I was particularly struck by 2 Corinthians 5:18 today: All this is from God, who reconciled us to himself through Christ, and has given us the ministry of reconciliation. The ministry of reconciliation. The passage goes on to call us ambassadors for Christ. It always makes me sad to hear about studies where the top three things non-Christians say about Christians is that we're judgmental, anti-gay, and hypocritical. I'd say we're not doing the best job as ambassadors if that's the case. I continue to be a firm believer in making every effort to be a reconciler.

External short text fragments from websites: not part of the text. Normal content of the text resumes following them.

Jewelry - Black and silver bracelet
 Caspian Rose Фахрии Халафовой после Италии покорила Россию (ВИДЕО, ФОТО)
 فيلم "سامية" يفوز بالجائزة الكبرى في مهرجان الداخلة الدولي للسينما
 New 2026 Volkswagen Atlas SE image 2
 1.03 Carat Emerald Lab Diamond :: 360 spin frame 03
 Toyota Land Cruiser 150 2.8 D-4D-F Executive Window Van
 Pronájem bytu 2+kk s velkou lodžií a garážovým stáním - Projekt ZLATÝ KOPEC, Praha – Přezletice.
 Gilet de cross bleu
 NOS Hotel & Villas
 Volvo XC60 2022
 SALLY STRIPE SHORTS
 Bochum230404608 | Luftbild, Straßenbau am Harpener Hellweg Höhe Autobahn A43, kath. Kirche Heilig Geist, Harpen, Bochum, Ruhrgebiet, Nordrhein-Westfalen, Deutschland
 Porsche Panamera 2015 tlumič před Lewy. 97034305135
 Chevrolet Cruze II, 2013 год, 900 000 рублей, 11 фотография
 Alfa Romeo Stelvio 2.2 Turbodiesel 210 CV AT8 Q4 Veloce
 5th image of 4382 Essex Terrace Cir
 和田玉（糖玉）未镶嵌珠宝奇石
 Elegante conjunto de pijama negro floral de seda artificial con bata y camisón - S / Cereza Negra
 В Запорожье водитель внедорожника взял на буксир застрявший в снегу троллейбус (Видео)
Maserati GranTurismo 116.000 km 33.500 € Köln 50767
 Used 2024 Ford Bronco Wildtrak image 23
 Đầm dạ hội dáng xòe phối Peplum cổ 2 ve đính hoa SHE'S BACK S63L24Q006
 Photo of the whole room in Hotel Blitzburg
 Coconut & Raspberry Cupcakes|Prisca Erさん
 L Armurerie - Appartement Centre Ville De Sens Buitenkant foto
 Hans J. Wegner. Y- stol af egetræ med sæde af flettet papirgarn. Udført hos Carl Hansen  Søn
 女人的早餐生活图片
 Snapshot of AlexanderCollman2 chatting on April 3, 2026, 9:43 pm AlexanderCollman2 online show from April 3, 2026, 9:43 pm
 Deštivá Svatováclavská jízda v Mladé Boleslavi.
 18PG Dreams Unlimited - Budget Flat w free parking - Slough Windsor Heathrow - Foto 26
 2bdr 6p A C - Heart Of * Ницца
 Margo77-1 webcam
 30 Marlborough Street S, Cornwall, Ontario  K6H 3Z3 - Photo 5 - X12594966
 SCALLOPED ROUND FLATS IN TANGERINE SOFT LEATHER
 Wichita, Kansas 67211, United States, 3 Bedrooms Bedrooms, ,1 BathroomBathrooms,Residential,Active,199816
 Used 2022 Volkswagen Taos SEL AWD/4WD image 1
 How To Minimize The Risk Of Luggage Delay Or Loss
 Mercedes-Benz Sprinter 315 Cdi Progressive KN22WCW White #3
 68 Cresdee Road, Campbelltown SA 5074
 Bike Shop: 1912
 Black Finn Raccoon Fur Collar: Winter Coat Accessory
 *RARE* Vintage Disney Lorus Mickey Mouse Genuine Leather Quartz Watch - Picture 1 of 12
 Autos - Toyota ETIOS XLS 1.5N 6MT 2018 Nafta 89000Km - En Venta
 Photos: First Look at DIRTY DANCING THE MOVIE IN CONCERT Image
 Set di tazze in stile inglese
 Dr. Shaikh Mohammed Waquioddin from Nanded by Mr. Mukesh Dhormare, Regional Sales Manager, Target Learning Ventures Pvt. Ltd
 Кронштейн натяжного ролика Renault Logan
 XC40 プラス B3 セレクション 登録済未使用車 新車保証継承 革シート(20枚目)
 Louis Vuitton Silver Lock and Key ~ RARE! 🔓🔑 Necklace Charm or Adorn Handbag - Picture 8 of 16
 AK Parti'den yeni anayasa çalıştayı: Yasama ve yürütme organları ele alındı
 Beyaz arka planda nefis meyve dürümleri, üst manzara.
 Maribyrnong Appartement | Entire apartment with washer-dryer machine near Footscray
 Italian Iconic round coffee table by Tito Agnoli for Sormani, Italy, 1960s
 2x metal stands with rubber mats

Today, as I was at Harpeth, helping with the hanging of the greens, that annual tradition of pulling out the wreaths and various decorations in order to spruce up the church for Advent. I was standing at the front of the church, looking out on the pews, and somebody on the stage right side asked me a question. As my eyes were pulled that way, I noticed that a beam of light was shining right on Mary Smith's old seat. The rest of the pew wasn't lit. None of the other seats in that area were lit. Just Mary Smith's spot. We had just been talking about reserving a couple of rows. For that brief moment, I felt Mary's presence there, watching over us as we decorated the sanctuary. I took a few moments to simply thank God for Mary's presence in my life. I miss that sweet woman. She ministered to me in so many beautiful ways. I hope to be more like Mary when I grow up.

Thursday, November 26, 2009

Week 1, Day 3

Day 3
Romans 6:1-11 & Romans 13:11-14

I've been reading the New Living Translation the last few days, mostly because it was the first translation I came across on the shelf at home, but also because I enjoy it's straightforward language from time to time. It translates Paul's me genoita in Greek as "Of course not!" I like that. Of course we don't go on sinning so that grace may abound. That would be ridiculous.

Dying to sin: Do we really? I mean, do we really kill off that part of us that's "prone to wander" as the great hymn Come Thou Fount of Every Blessing puts it? When we consider baptism, we seldom focus on "dying to sin" or "dying with Christ." These are the texts of the Bible that make we wonder if we're missing something by practicing infant baptism. Sure, sure, I know that the sacrament isn't about us, but rather about God. But, I wonder just when it is that we encourage folks in our churches to die with Christ and be "reborn" for new lives. In our focus on continual conversion, do we miss out on an opportunity to pass out the new clothes that Paul talks about in Romans 13:12?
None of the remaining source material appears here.